Грег выглядел таким несчастным, что у меня сердце защемило и захотелось обнять его, хоть как-то утешить.
— С любовью этой твоей, — ответила Зина. — Глупости все это, вот что! И вообще я вчера вышла замуж.
— Как?! — вскрикнул он.
Я увидела, как он моргнул, и слезинка побежала по щеке. Но Грег тут же смахнул ее и сжал губы.
— Вчера нас расписали, — спокойно вещала Зина, — в нашем районном совдепе. Муж мой человек партийный, серьезный, мастер литейного цеха. Я ведь тебе про него говорила.
— Поздравляю, — глухо сказал Грег.
Я видела, что он сдерживается из последних сил.
— Спасибо, — спокойно ответила Зина и улыбнулась. — Свадьбу справлять не будем, потому что оба считаем, что все это буржуазные пережитки.

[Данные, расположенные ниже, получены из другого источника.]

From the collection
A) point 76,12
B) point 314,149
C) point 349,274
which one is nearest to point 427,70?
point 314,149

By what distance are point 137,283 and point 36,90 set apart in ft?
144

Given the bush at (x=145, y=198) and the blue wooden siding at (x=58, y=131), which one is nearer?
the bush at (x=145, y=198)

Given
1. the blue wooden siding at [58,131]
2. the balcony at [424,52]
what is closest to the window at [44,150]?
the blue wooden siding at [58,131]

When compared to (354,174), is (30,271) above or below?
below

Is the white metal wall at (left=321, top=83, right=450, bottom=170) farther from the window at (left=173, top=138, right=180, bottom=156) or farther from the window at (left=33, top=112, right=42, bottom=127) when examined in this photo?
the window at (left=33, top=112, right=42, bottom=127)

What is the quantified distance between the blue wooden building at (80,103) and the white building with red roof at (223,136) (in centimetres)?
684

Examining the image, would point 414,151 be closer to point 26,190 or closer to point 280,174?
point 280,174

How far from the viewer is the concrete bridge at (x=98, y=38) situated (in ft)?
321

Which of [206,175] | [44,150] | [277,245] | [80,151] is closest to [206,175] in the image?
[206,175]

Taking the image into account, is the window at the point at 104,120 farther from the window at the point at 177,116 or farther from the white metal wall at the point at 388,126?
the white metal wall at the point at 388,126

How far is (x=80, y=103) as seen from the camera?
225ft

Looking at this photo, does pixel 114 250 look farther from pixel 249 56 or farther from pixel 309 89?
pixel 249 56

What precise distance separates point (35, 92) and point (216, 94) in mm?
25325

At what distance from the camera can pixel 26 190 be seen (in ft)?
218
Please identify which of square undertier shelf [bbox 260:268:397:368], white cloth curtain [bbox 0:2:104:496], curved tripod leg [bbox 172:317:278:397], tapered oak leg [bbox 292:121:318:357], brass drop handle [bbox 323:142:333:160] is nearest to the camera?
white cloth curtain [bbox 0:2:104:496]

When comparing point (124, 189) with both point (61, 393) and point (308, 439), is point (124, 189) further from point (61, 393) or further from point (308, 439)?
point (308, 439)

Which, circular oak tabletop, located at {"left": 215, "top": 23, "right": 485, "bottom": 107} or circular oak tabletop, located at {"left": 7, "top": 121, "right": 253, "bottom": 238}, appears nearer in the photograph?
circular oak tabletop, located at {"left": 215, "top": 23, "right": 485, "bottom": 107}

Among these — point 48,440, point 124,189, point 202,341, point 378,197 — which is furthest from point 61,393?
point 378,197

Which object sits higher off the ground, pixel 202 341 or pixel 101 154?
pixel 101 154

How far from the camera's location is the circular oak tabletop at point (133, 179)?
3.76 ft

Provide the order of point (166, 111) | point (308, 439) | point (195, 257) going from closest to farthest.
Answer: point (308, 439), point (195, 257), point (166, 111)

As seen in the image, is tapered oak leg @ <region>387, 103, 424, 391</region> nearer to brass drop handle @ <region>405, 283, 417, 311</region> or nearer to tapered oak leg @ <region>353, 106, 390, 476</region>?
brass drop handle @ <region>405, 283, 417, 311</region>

— А зачем ты тогда сегодня со мной за вербой ходила? Зачем просила тебе ее нарвать? — с горечью спросил Грег. — Муж-то как к этому отнесется?

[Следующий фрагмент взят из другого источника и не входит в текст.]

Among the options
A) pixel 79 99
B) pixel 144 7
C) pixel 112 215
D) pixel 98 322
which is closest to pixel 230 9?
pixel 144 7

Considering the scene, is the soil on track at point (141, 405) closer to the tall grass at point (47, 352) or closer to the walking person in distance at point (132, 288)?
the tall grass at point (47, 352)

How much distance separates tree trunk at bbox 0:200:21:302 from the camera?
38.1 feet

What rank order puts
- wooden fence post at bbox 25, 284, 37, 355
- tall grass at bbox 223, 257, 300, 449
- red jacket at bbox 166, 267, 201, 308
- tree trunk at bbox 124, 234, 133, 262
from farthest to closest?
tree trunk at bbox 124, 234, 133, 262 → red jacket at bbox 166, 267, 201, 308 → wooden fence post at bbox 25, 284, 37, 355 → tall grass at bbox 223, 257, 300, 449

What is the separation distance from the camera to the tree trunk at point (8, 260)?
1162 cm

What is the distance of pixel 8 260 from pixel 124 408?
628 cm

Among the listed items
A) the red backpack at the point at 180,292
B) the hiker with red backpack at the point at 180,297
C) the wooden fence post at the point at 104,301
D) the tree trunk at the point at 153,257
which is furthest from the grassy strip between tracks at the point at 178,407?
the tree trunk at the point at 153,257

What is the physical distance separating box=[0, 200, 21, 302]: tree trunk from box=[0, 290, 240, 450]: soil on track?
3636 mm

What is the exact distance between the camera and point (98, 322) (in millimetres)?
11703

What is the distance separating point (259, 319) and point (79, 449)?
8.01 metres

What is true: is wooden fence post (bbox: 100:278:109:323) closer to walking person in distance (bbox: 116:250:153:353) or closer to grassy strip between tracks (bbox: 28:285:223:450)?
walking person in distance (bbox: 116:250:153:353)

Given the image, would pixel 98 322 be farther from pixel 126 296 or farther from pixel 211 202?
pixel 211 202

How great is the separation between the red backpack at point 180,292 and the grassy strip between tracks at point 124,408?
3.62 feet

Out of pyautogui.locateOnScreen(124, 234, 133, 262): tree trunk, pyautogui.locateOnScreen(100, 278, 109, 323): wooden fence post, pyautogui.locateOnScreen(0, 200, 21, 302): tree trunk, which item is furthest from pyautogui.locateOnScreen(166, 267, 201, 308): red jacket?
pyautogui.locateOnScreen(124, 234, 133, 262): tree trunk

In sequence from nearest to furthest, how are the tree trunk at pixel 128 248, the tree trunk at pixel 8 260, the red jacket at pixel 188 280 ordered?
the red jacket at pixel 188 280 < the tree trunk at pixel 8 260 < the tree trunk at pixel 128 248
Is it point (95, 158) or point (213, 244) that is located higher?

— Не понимаю! — скривила она губы. — Я свободный человек и делаю то, что считаю нужным. И у нас правильные отношения без всякой там ревности. До свидания! — повторила она и вновь протянула ему руку.
Но Грег бросил ей ветки вербы под ноги, резко повернулся и быстро пошел в переулок. Зина пожала плечами, подняла вербу, соединила ее со своим «букетом» и отправилась в противоположную сторону.
А я поспешила за ним. Я так волновалась, что у меня стучали зубы. Грег шел размашисто и что-то бормотал. Я видела, как развеваются его кудри, как распахнутые полы длинного замызганного пальто, похожего на старую солдатскую шинель, откидываются назад от быстрой ходьбы. Я с трудом поспевала за ним и уже плохо понимала, что происходит. Но сердце колотилось так, что мне казалось, будто его стук разносится по всей улице. Грег приблизился к какому-то заброшенному дому и нырнул в проем двери. Здесь, по всей видимости, происходил снос ветхого жилья, так как видно было, что все здания нежилые. Окна были без стекол, двери отсутствовали, кучи мусора заполняли двор. Я устремилась за Грегом. Зайдя в проем и миновав короткий коридор, я оказалась в знакомой комнате, которую видела и во сне, и на картине Ренаты. Я не смогла сдержать крика, так как Грег уже свернул веревку петлей и подвешивал ее на ржавый крюк, торчащий посередине ободранного потолка. Но Грег меня не слышал. Тогда я бросилась к нему, пытаясь вырвать веревку. Однако прошла сквозь него, как сквозь пустоту. Поняв, что я по-любому ничего не смогу сделать, я отошла в угол и закрыла глаза. Но все слышала. Грег плакал, звал Зину, потом притих. В этот момент раздался колокольный звон. Но он был не веселым, праздничным, а мерным и скорбным. Тяжелые звуки казались огромными каплями, которые равномерно падали одна задругой и будто придавливали к земле своей печалью.
21
Обновленчество — движение в православной российской церкви, возникшее после Февральской революции 1917 г. Единственное признаваемое властью, так как обновленцы повсюду говорили о том, что полностью поддерживают новый режим.